Transformations

27 November - 5 February 2010


To coincide with the turning of one year to the next Flow gallery presents 'Transformations' exhibition running from December through to February 2010 showcasing the work of fifteen artists. The exhibition is concerned with the transforming of the old into something new. It will explore the different ways artists alter the existing, discarded and forgotten objects to give them new significance, unexpected beauty and new life.

CJ O'Neil alters already existing ceramics by adding new patterns and cutting away geometric forms from them. An interest in hidden meanings, layers, secrets and contemplation is expressed through her works. Through rejuvenating discarded objects with new patterns, the story of these objects is continued and added to. The works create links with our past, rekindle old memories and evoke new ones.

CJ O'Neil

Grant McCaig explores the use of silver and the meanings that we attach to it as a material through his work. "I enjoy playing with concepts of preciousness, combining the silver with the throwaway and the discarded, to create familiar but alternative objects".

Grant McCaig

Jo Lawrence creates puppets and objects from discarded materials. Photographic faces add an uncanny sense of identity to each small scaled 'human' object.

Jo Lawrence

Barbara Massey and Helen Rogers are concerned with the need to consider the environmental impact of our activities. Recycling is imaginatively integrated into their contemporary design practice by weaving with discarded materials. They incorporate old comics, magazines, outdated maps or calendars, and plastic carrier bags.

Barbara Massey & Helen Rogers

Rory Hooper reinvents old jewellery which is defective and abandoned by their owners by retrieving its original value. Sentimental or other, these objects that once had significance in someone's eyes, symbolized meaning and fulfilled a certain function. Smashed with a single blow of a hammer these pieces are reformed into accidental and abstract shapes then made into unique individual pieces jewellery and small objects. Old is transformed into new, restoring the lost promise of success back into each and every found jewel.

Rory Hooper

Maria Militsi explores the power of absence that makes us look, the dimension of the lack and the space left by a missing object. In an attempt to absorb what already exists rather than adding to the world, Militisi collects objects that have suffered a loss; the loss of their owner or the loss of their function. This triggers a desire within her to complete them, to reassess their function and to fill their empty space with precious metals.

Maria Militsi

Ed Teasdale is passionate about trees and particularly about wood: "the smell, density, bulk, texture, warmth, and the cleanness". Aware of its global and local value, and the sheer volume and variety of existing woodwork, he has chosen to concentrate on utilising second-hand timber found in the open, which through weathering has developed patterned surfaces. For Teasdale using the found material has important, environmental and aesthetic messages.

Ed Teasdale

Gareth Neal will be creating funky new furniture pieces from found boxes with drawers by playing with their scale and volumes. Inspired by stories of shipwrecks and forgotten underwater worlds.

Gareth Neal

 

Ruth Tomlinson takes inspiration from the forms and colours of the sea.
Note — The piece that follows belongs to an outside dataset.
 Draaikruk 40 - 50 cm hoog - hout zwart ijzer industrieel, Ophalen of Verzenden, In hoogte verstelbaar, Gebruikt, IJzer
Pearl, coral and second hand stones are combined with silver to create a collection that conveys the transient cycle of nature, growth, and decay.

Ruth Tomlinson

Claire Coles sources vintage wallpapers from markets and charity shops, ranging from acid flocks to floral patterns, and then cuts layers and machine stitches these papers together to create a range of different scenes and illustrations. Stitching together various textures and patterns creates an intricate and layered effect within her designs, where it appears that the pattern of these papers begins to grow and come to life. This range consists of, brooches, framed artwork and commissioned wallpapers.

Claire Coles

Eleanor Glover has a strong interest in narrative and employs this interest through the use of recycled materials, evoking stories from their past and adopting a second life through their transformations. Through subtle interventions by Sofie Lachaert's, discarded and forgotten objects are given a new significance, an unexpected beauty and take on a new life, to become useful again. Lachaert's turns old coins into brooches. The value is altered from practical to artistic. Miniature images once representing power and wealth now become adornment. They contain hidden secrets and stories like Lachaert's silver 'Candlestick with a ring' and recall images of the nightly hour and the bedroom. The replacement of the traditional plain ring with that of a Wedding ring adds another dimension, referring to marriage and eternal faithfulness.

Eleanor Glover

Astrid Keller presses magazine pages together into large blocks. Shapes are then turned out of the material with a technique commonly used for wood. The lines which are caused by the pictures in the magazines almost look like the annual rings of trees. In this sense the work is a return to the material paper is made from and origin of paper itself.

Astrid Keller

David Bielander views his art pieces as games of distortions, with confusions of identity by using unexpected materials such as the beetle brooch made from a steel spoon!